The study found that presidential administrations that were sympathetic to employers but unfavourable to labour drove up levels of income inequality.
"Political decisions, especially at the presidential level, help determine the rewards that Americans get from the economy," Jacobs explained.
The study suggests that researchers need to look beyond economic causes in trying to explain the growth of income inequality in the US.
"You can't explain income inequality without looking at political factors," Jacobs said.
The study used a variety of sources to analyse political and economic factors that could be tied to inequality at the state level for each of the 33 years in the study.
"The gap between the top earners and the rest of Americans has really been growing and our study was able to capture that change," Jacobs said.
The study found that the presidential administration in power was far and away the biggest political factor linked to economic inequality in each year of the study.
The importance of the presidential administration remained even after the researchers took into account more than 20 other possible explanatory variables, such as stock market values, poverty levels, the number of people employed in finance careers, and the number of people employed in rural occupations.
Many of these factors, among others controlled for in this study, have been cited by economists in the past as possible causes of growing inequality, Jacobs said.

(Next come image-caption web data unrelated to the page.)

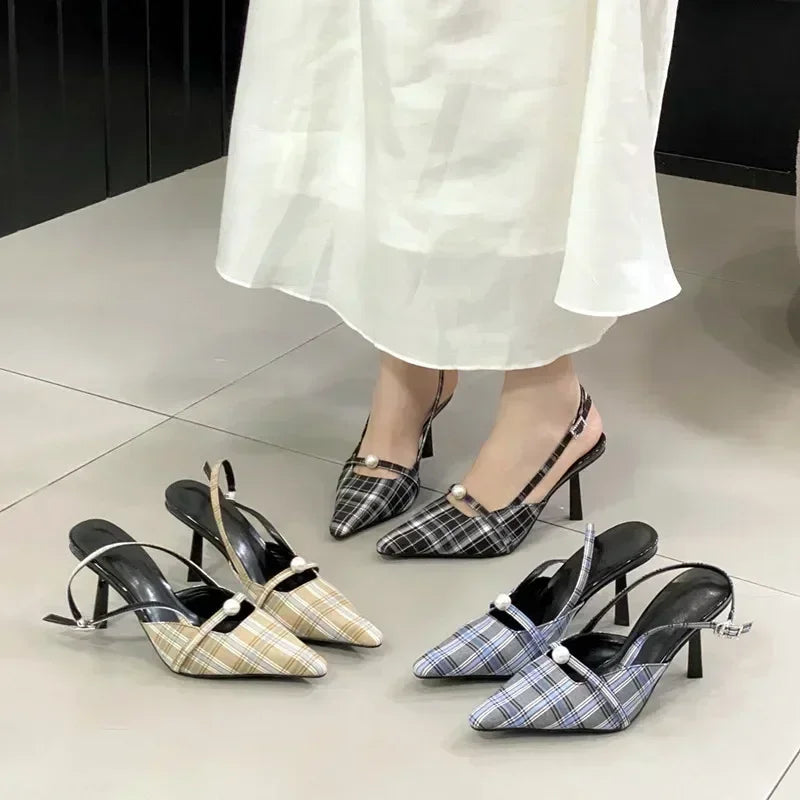 Pointed Toe Retro Plaid High Heels Slingbacks Shoes Pumps Office Dress Shoes Sandalias De Mujer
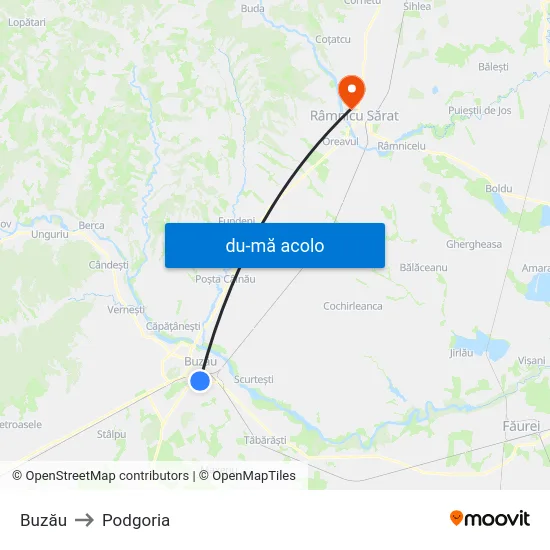 Harta de Buzău către Podgoria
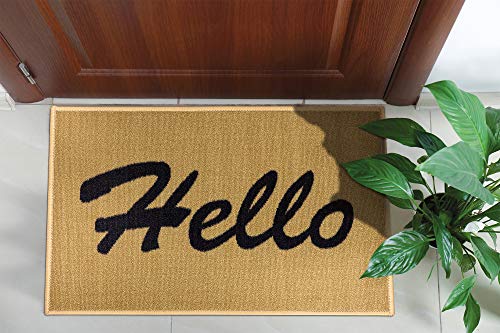 Machine Washable Hello Design Non-Slip Rubberback 2x3 Entry Doormats for Doorway, Entryway, Indoor Door Mat Front Door, Rugs For Entrance, 20" x 30", Beige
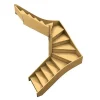 Woodup Escalier Double Quart Tournant Goules 160 160 Sans Rampe 285 Cm Tournant Gauche Avec Contremarches H Sol Sol 285 Cm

After all these and other factors are held constant, the Ronald Reagan administration's policies led to an 18 per cent increase in inequality, the study found.
The Reagan administration made tax codes more favorable to the affluent, deregulated many industries including finance, weakened unions and reduced spending on programmes for the poor.
"I believe it was a lot of policies that each contributed a little bit to growing inequality, and when you added them all up the results were large," Jacobs said.
Other than the presidential administration, the remaining parts of government had little or no effect on inequality, the study showed.